“O Cânone Colonial”, de Flávio Kothe (416 páginas, UnB, 1997) é um livro surpreendente. Seu autor coleciona títulos acadêmicos, como os de mestre, doutor, catedrático e livre-docente em literatura, relacionados na orelha do volume. Uma de suas propostas é verificar “a falta de resistência de textos clássicos a uma análise crítica”. Assim, o leitor procura a obra na expectativa de encontrar uma discussão séria sobre a literatura colonial brasileira, realizada a partir de uma pesquisa abrangente e com a credibilidade de um especialista. Porém, este livro se diferencia da maioria dos ensaios publicados. Afinal, ele serve de veículo a um dos mais absurdos erros de interpretação de texto de nossa literatura. No último capítulo, “O Arcadismo de Gonzaga”, dedicado ao estudo (?) da obra do poeta e inconfidente Tomás Antônio Gonzaga (1744-1810), Flávio Kothe examina a famosa Lira nº 1. O poema, que inicia com “Eu, Marília, não sou algum vaqueiro, que viva de guardar alheio gado”, diz, pouco depois:
“Tenho próprio casal, e nele assisto;
Dá-me vinho, legume, fruta, azeite;”
Assim empregada, a palavra “casal” tem o sentido, registrado no dicionário Aurélio, de pequena propriedade rústica; granja. É desse modo que a utiliza Eça de Queirós, em seus “Contos” (página 368): “Tão rota, tão trôpega, tão triste, até os cães me ladrariam da porta dos casais”. Portanto, “ter próprio casal” quer dizer: ser proprietário de uma espécie de sítio, onde o poeta “assiste”, ou seja, mora, e de onde retira os elementos necessários a sua subsistência. Surpreendentemente, o “mestre” Flávio Kothe parece ignorar ou desprezar essa lição básica. Acredite se quiser, mas ele conclui, à página 398:
“Um “casal” - que possa “dar” vinho, legume, fruta, azeite – só pode ser um casal de escravos”.
E antes que o leitor se refaça, arremata com o seguinte juízo histórico-político sobre Gonzaga:
“ É estranho que se faça de um dono de escravos um libertador”.

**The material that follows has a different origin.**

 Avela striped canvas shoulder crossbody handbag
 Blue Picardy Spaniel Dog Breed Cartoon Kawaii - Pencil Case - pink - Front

Tamanho despropósito bastaria para marcar o livro. Mas o volume é ainda pontuado por expressões inadequadas e fora do contexto, como a afirmação (além do mais, inverídica) , à página 397, de que Marília viria a casar-se “com um ricaço qualquer” ou, logo a seguir, sobre o romance frustrado entre ela e Gonzaga: “A tragédia mineira acaba em pizza”. O mesmo capítulo tem outras pérolas como referir-se a Marília (cujo verdadeiro nome era Maria Dorotéia Joaquina de Seixas) como “Dorotéia de Castro”(página 409).
Em síntese, fica da leitura de “O Cânone Colonial” a amarga constatação de que, infelizmente, ainda no Brasil o despreparo intelectual pode travestir-se de sabedoria professoral, de forma aparentemente impune.